In a recent joint representation to Union road transport and highways minister Nitin Gadkari, the representatives of 45 historic vehicle clubs and museums in the country have made a strong pitch for protection and preservation of vintage motor vehicles.
Referring to this joint representation, Harsh Pati Singhania, in a letter to Gadkari on 19 April, flagged “four critical matters” to be adequately addressed in the rules concerning special provision for registration of vintage motor vehicles proposed to be notified by his ministry.
“Vintage motor vehicles older than 30 years from the date of manufacture may kindly be permitted to be registered under the draft Rules ‘Special Provision for Registration of Vintage Motor Vehicles’ as these vehicles are very small in number and are an important part of our national automotive heritage,” Singhania urged Gadkari.

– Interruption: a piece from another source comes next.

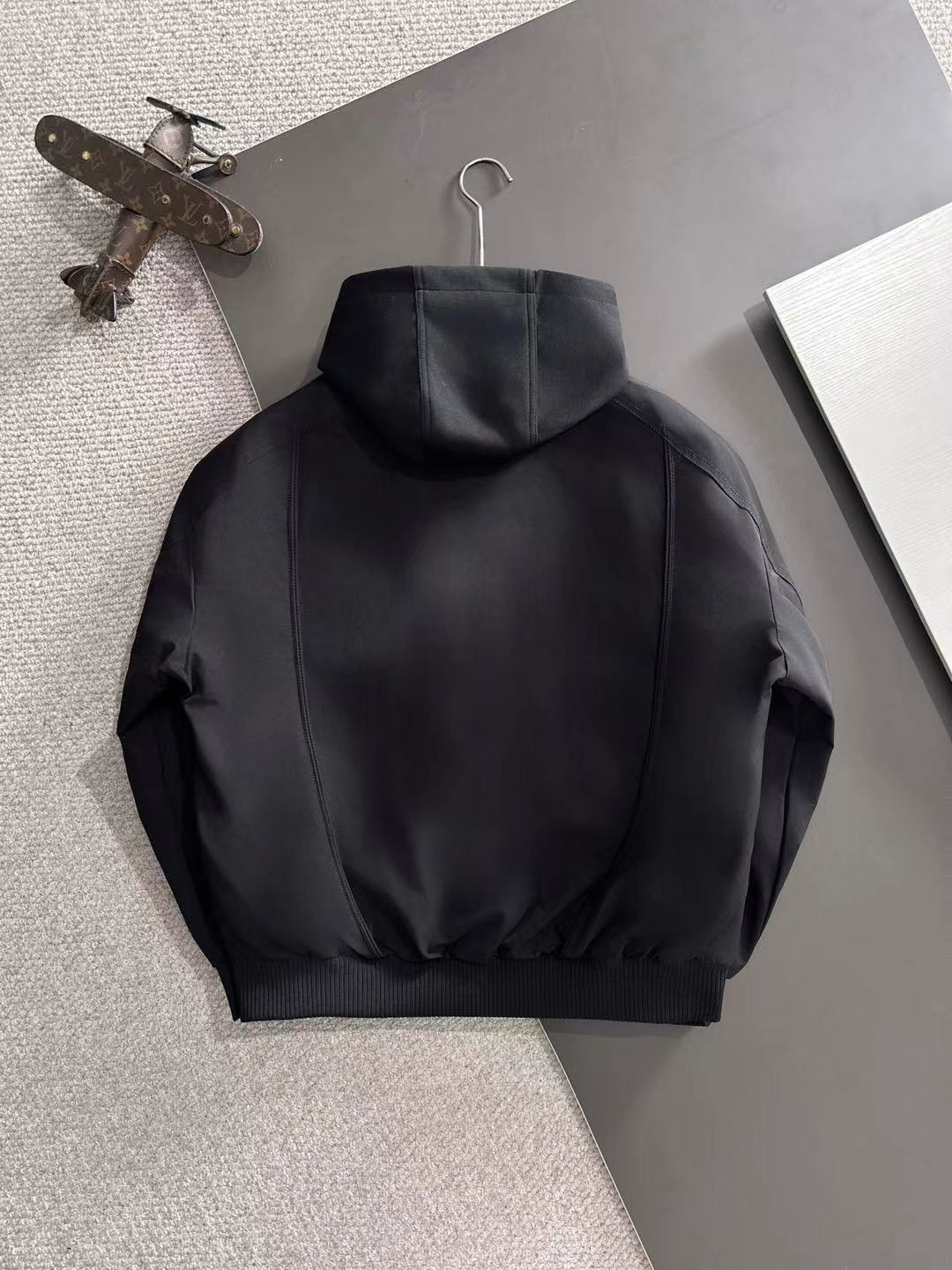 两天货期 芬迪 🔥🔥高端定制 2025冬季官网最新款爆款羽绒服 客供原版订制五金配件全进口原版定制 欢迎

“No commercial use whatsoever may be permitted but free use of these Vintage Motor Vehicles may be allowed for personal purposes, with no other purpose restrictions,” he stated in the letter.

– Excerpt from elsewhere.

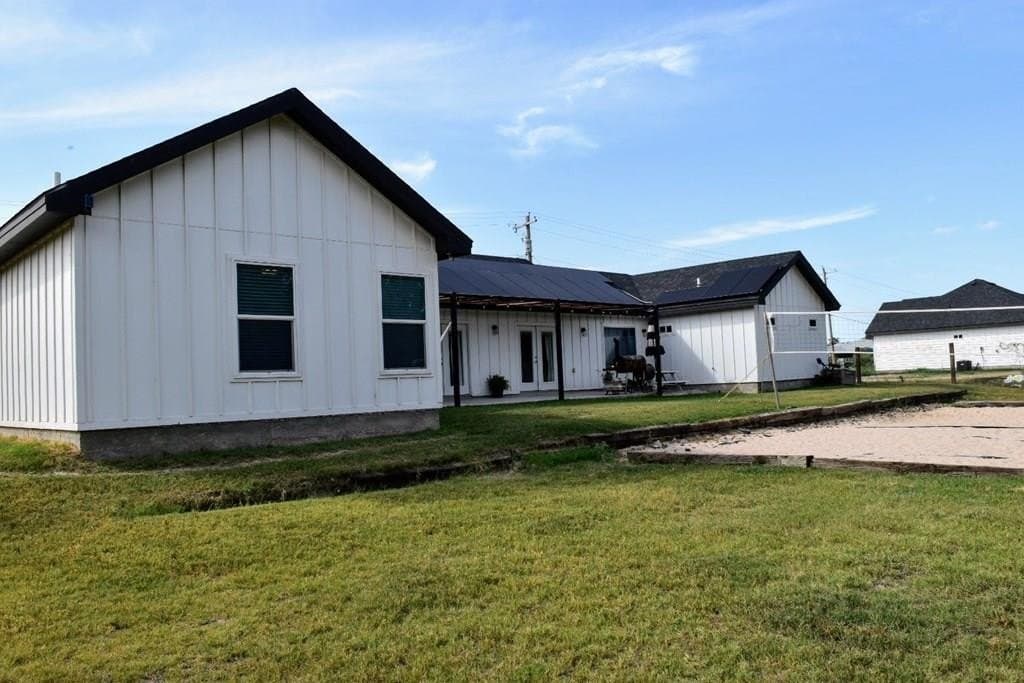 15,008 acres in Maverick County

“The important exemptions requested from (i) emission compliances, (ii) obtaining pollution under control certificate and (iii) obtaining a certificate of fitness…may kindly be granted and the exemption be specifically provided for as these historic vehicles cannot be mechanically modified or altered or expected to meet the new emission/ fitness/ pollution norms, applicable to later production cars. Any modification or alteration to historic vehicles will completely destroy the authenticity and originality of these historic vehicles,” Singhania told Gadkari.
“To enable the transparent registration of Vintage Motor Vehicles, a Self-Certification/ Declaration/Indemnity by the owner, of the required registration particulars, should suffice, just as in the case of Income Tax Returns. There may be no need for a representative from any private automobile association, club or a committee to be involved in the process of approval or rejection for registration of a Vintage Motor Vehicle, as such involvement of private representatives in the different state committees may create unnecessary red tape and provide scope for corruption and influence peddling,” the letter stated.
It urged the minister to consider the representation for the sake of “promotion of tourism, culture, employment, manufacturing and revenue to the government” as well as “building our national heritage and culture”.